## Your task
Copy the records below exactly, omitting any pictures they contain.

## Data
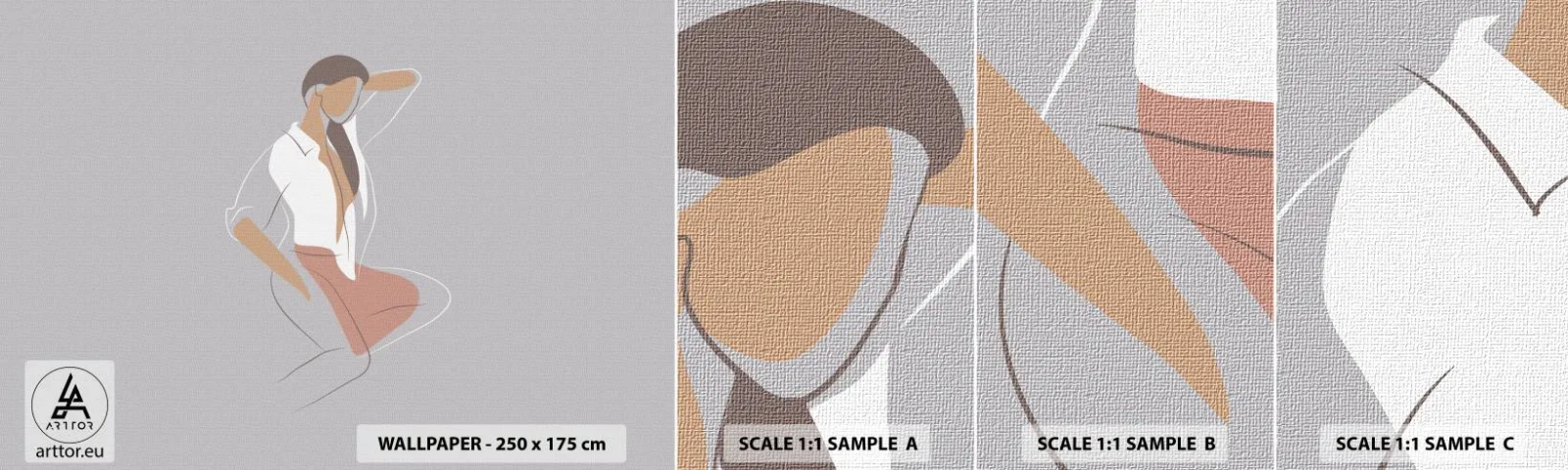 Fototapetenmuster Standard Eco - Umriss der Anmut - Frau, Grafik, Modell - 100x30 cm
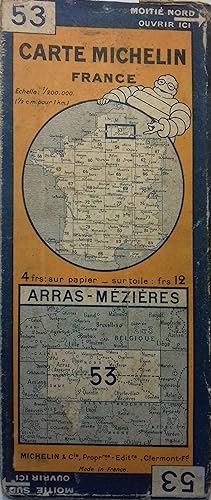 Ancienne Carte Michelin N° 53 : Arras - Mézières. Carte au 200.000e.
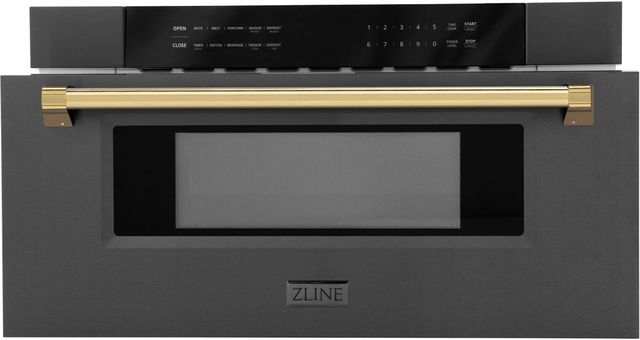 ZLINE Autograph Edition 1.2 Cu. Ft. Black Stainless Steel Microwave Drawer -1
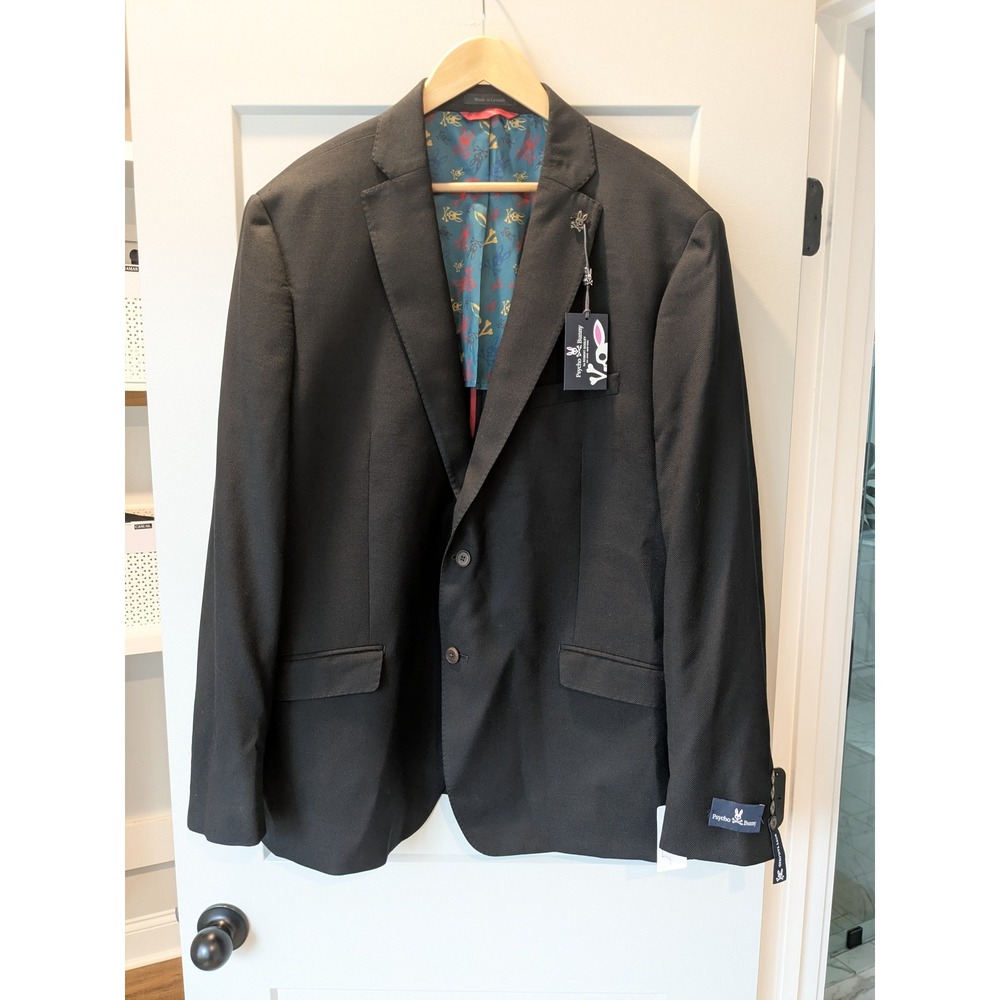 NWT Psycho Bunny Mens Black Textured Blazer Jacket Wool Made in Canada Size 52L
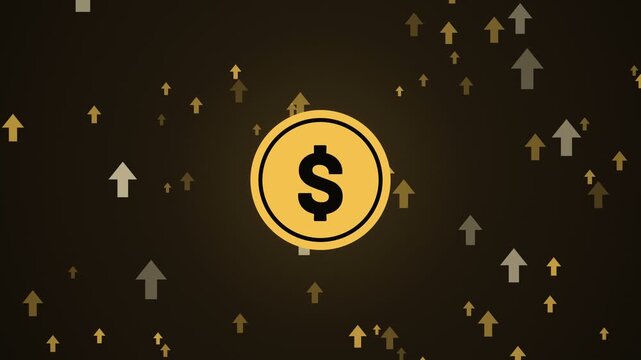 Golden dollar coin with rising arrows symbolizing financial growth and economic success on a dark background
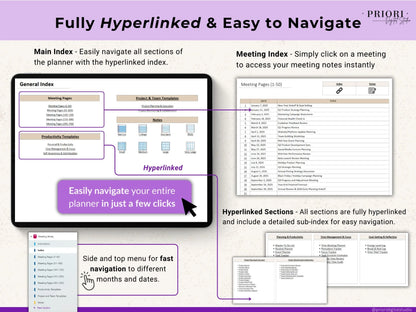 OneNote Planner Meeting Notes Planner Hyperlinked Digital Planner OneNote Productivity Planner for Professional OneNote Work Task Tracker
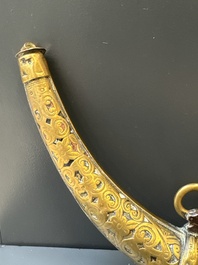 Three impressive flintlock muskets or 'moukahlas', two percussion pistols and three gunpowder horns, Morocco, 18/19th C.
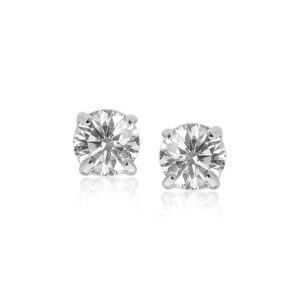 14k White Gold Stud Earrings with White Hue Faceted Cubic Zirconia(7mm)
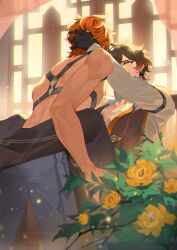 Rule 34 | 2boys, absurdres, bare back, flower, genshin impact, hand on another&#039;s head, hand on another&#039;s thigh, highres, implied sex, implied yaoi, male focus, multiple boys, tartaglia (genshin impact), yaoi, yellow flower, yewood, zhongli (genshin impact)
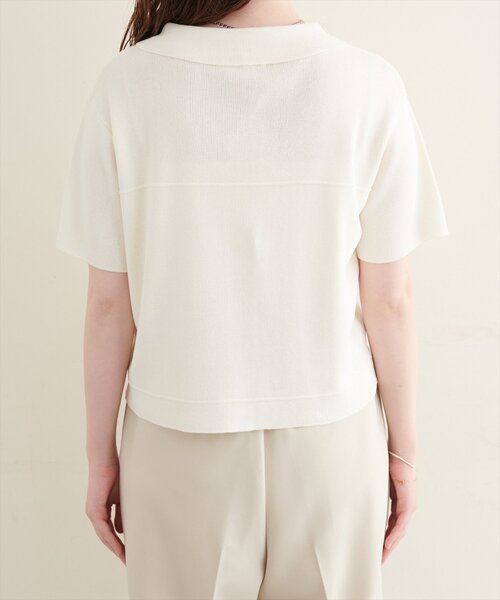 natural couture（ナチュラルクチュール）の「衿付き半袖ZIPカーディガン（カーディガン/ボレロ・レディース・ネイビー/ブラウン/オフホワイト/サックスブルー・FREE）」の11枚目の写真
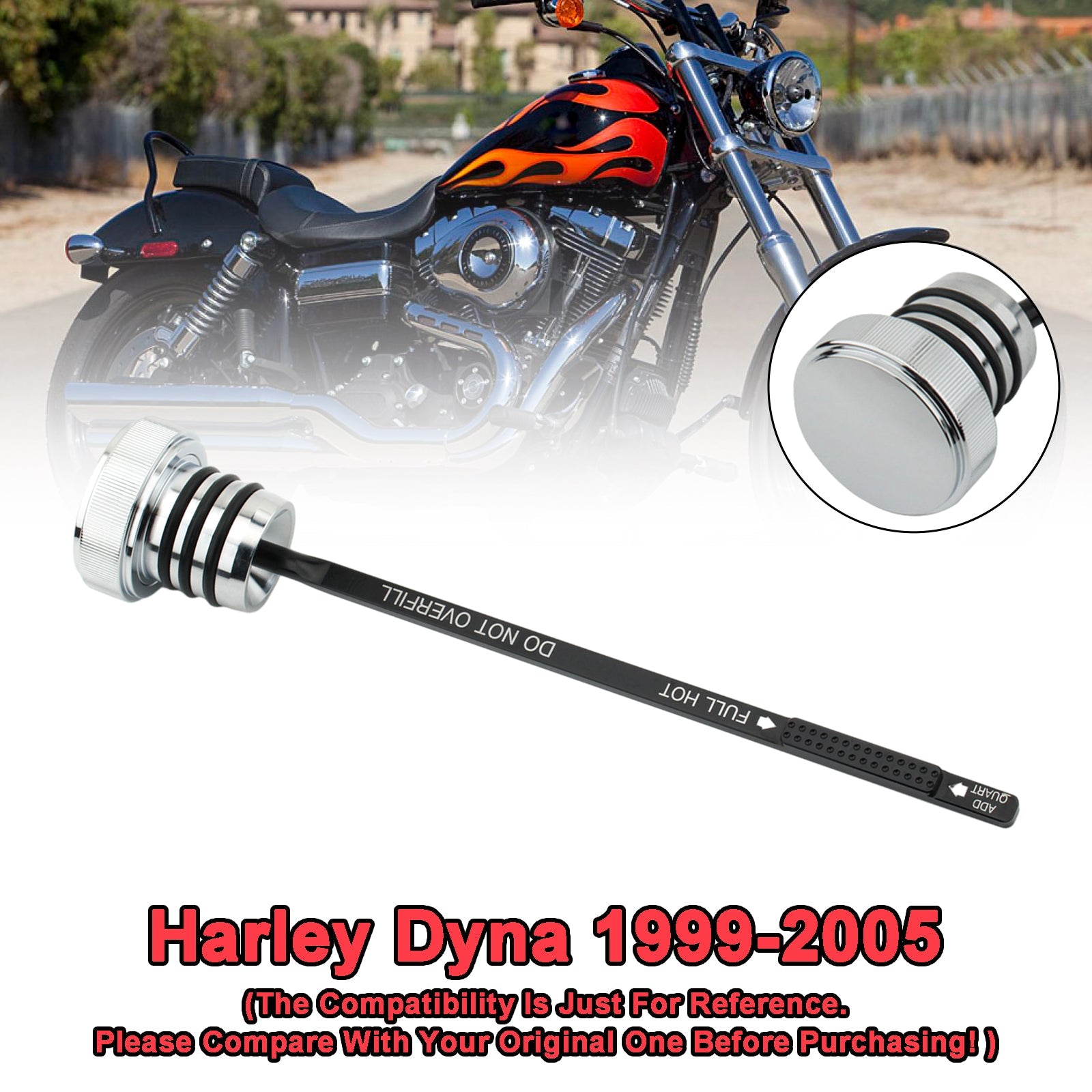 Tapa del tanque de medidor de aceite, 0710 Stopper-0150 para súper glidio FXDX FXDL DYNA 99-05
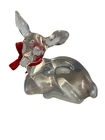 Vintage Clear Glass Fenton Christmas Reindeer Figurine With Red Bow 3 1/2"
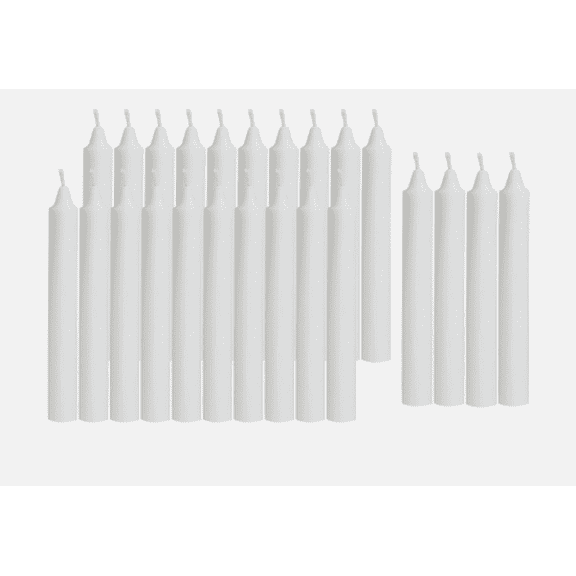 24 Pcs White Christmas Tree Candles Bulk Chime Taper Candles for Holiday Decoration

## Task solution
 Fototapetenmuster Standard Eco - Umriss der Anmut - Frau, Grafik, Modell - 100x30 cm
 Ancienne Carte Michelin N° 53 : Arras - Mézières. Carte au 200.000e.
 ZLINE Autograph Edition 1.2 Cu. Ft. Black Stainless Steel Microwave Drawer -1
 NWT Psycho Bunny Mens Black Textured Blazer Jacket Wool Made in Canada Size 52L
 Golden dollar coin with rising arrows symbolizing financial growth and economic success on a dark background
 OneNote Planner Meeting Notes Planner Hyperlinked Digital Planner OneNote Productivity Planner for Professional OneNote Work Task Tracker
 Three impressive flintlock muskets or 'moukahlas', two percussion pistols and three gunpowder horns, Morocco, 18/19th C.
 14k White Gold Stud Earrings with White Hue Faceted Cubic Zirconia(7mm)
 Rule 34 | 2boys, absurdres, bare back, flower, genshin impact, hand on another&#039;s head, hand on another&#039;s thigh, highres, implied sex, implied yaoi, male focus, multiple boys, tartaglia (genshin impact), yaoi, yellow flower, yewood, zhongli (genshin impact)
 natural couture（ナチュラルクチュール）の「衿付き半袖ZIPカーディガン（カーディガン/ボレロ・レディース・ネイビー/ブラウン/オフホワイト/サックスブルー・FREE）」の11枚目の写真
 Tapa del tanque de medidor de aceite, 0710 Stopper-0150 para súper glidio FXDX FXDL DYNA 99-05
 Vintage Clear Glass Fenton Christmas Reindeer Figurine With Red Bow 3 1/2"
 24 Pcs White Christmas Tree Candles Bulk Chime Taper Candles for Holiday Decoration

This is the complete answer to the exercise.